Why? Why is she looking at me like that? Really, I haven’t said anything that out of the ordinary, so I don’t know what has gotten her so bewildered. I mean, people get married and divorced all the time. In fact, it’s in the statistics. There is the fifty percent of people who enjoy happy, contented marriages. We’re just part of the other fifty, who just…do not have time for each other anymore.
“Are you telling me you want to get a divorce?” She uttered, finally getting it. I inhaled deeply, and calmed myself before proceeding. She must understand my side of the story. I know she will. She has always understood.
“Look, Tess, I know that you don’t approve my correspondence with Angelina—heck, you didn’t even want to get to know her, but she has no one to turn to! I told you she has thought about committing suicide, after her alcoholic of a father used all her savings to buy booze! She was working two jobs, day and night, to save as much as she had, but came home one night to find all of it gone. She thought she couldn’t handle it any longer… This was over a month ago, remember? But yesterday evening, it happened again—in fact, she has gotten so close to doing it! It was only my letter that had stopped her from consuming the pills she had purchased just for the purpose… Only my letter, you understand? One letter! She needed me then, and she needs me now! I have no choice but to leave you!” I let out a long breath. Theresa’s rosy complexion and nonchalant demeanor changed sporadically. Her eyes were as expressionless as buttons on a pale, ghostly face.
“Okay, I understand that part,” she said, almost calmly, though her lower lip was quivering, “But what does our marriage have to do with it? Can’t you just comfort her, send some money? Or—”
No, you don’t understand, I thought and held out my hand to stop her. I need to explain this better.
“I don’t love you anymore,” I said, as bluntly as I could, “I realize now there is more to life than taking care of kids and the house all the time. You know, there are other people besides our family. They need help, too. And, maybe, love.”
After digesting this news, she inquired, “What about the children? What will they think? How will they live?” Typical. Everything is always about the children, isn’t it?

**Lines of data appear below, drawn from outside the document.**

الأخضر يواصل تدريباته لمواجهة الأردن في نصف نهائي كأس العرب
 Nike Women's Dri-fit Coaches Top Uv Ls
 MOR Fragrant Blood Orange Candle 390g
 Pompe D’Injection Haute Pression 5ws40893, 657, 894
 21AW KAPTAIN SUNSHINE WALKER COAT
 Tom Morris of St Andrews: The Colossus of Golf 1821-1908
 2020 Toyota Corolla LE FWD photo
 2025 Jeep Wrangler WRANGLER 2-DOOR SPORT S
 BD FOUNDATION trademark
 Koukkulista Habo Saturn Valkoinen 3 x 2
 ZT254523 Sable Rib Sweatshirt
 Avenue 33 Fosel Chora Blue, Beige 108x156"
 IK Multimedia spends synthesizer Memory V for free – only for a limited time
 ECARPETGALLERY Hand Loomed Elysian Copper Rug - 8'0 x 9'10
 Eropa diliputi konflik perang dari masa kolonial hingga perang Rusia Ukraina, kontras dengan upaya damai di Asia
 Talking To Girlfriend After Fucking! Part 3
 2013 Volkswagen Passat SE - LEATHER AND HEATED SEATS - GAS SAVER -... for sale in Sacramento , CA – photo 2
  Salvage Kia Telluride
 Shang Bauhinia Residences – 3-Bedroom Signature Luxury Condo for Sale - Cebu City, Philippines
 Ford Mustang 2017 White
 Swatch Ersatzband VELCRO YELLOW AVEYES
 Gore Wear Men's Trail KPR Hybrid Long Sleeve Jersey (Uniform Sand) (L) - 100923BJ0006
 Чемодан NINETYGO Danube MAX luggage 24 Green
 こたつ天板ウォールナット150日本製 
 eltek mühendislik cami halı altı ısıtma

“There are worse things than me leaving,” I retorted, and thought of Angelina’s father. He was terrible. As for me, I grew up without a father. If I could grow up to be this successful after I lost my father at six, then I can’t stop them from happiness, can I?
“Diana and Tom will be fine,” I concluded aloud, “I’ll visit them every weekend. Or they can come visit me. I already found a flat. I am thinking of moving in this Friday, and Saturday I am flying over to Canada—” And already I know I have said too much. She looked horrified.
“To see her?” she asked sharply, rhetorically, hopelessly. One day she will understand me as well as we both understood this. I mean, it really is nothing major. We are just not meant to be.
* * *
I don’t think I will ever understand at what point my life with him became a disaster. Was he always like this? Or was there a point at which the man I loved so dearly morphed into this stranger who does not care about the lives of our children? If I could forgive him about forgetting me, I could never forgive him for forgetting them. As I sit waiting for my lawyer, he is out of the country, somewhere in Canada. But he is also out of my heart. We are not a statistic.
We are just not us anymore, and will never be.